On Wed, Feb 18, 2026 at 04:17:23AM +0000, Michael Kelley wrote:
> From: Anirudh Rayabharam <anirudh@anirudhrb.com> Sent: Wednesday, February 11, 2026 9:07 AM
> > 
> > Rename mshv_synic_init() to mshv_synic_cpu_init() and
> > mshv_synic_cleanup() to mshv_synic_cpu_exit() to better reflect that
> > these functions handle per-cpu synic setup and teardown.
> > 
> > Use mshv_synic_init/cleanup() to perform init/cleanup that is not per-cpu.

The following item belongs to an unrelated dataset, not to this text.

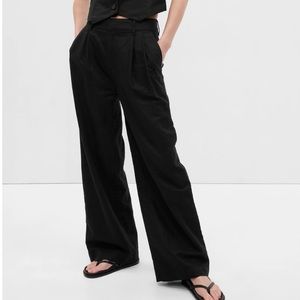 Gap Black Linen cotton blend pleated pants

> > Move all the synic related setup from mshv_parent_partition_init.
> > 
> > Move the reboot notifier to mshv_synic.c because it currently only
> > operates on the synic cpuhp state.
> > 
> > Move out synic_pages from the global mshv_root since it's use is now
> 
> s/it's/its/
> 
> > completely local to mshv_synic.c.
> > 
> > This is in preparation for the next patch which will add more stuff to
> > mshv_synic_init().
> > 
> > No functional change.
> > 
> > Signed-off-by: Anirudh Rayabharam (Microsoft) <anirudh@anirudhrb.com>
> > ---
> >  drivers/hv/mshv_root.h      |  5 ++-
> >  drivers/hv/mshv_root_main.c | 59 +++++-------------------------
> >  drivers/hv/mshv_synic.c     | 71 +++++++++++++++++++++++++++++++++----
> >  3 files changed, 75 insertions(+), 60 deletions(-)
> > 
> > diff --git a/drivers/hv/mshv_root.h b/drivers/hv/mshv_root.h
> > index 3c1d88b36741..26e0320c8097 100644
> > --- a/drivers/hv/mshv_root.h
> > +++ b/drivers/hv/mshv_root.h
> > @@ -183,7 +183,6 @@ struct hv_synic_pages {
> >  };
> > 
> >  struct mshv_root {
> > -	struct hv_synic_pages __percpu *synic_pages;
> >  	spinlock_t pt_ht_lock;
> >  	DECLARE_HASHTABLE(pt_htable, MSHV_PARTITIONS_HASH_BITS);
> >  	struct hv_partition_property_vmm_capabilities vmm_caps;
> > @@ -242,8 +241,8 @@ int mshv_register_doorbell(u64 partition_id, doorbell_cb_t doorbell_cb,
> >  void mshv_unregister_doorbell(u64 partition_id, int doorbell_portid);
> > 
> >  void mshv_isr(void);
> > -int mshv_synic_init(unsigned int cpu);
> > -int mshv_synic_cleanup(unsigned int cpu);
> > +int mshv_synic_init(struct device *dev);
> > +void mshv_synic_cleanup(void);
> > 
> >  static inline bool mshv_partition_encrypted(struct mshv_partition *partition)
> >  {
> > diff --git a/drivers/hv/mshv_root_main.c b/drivers/hv/mshv_root_main.c
> > index 681b58154d5e..7c1666456e78 100644
> > --- a/drivers/hv/mshv_root_main.c
> > +++ b/drivers/hv/mshv_root_main.c
> > @@ -2035,7 +2035,6 @@ mshv_dev_release(struct inode *inode, struct file *filp)
> >  	return 0;
> >  }
> > 
> > -static int mshv_cpuhp_online;
> >  static int mshv_root_sched_online;
> > 
> >  static const char *scheduler_type_to_string(enum hv_scheduler_type type)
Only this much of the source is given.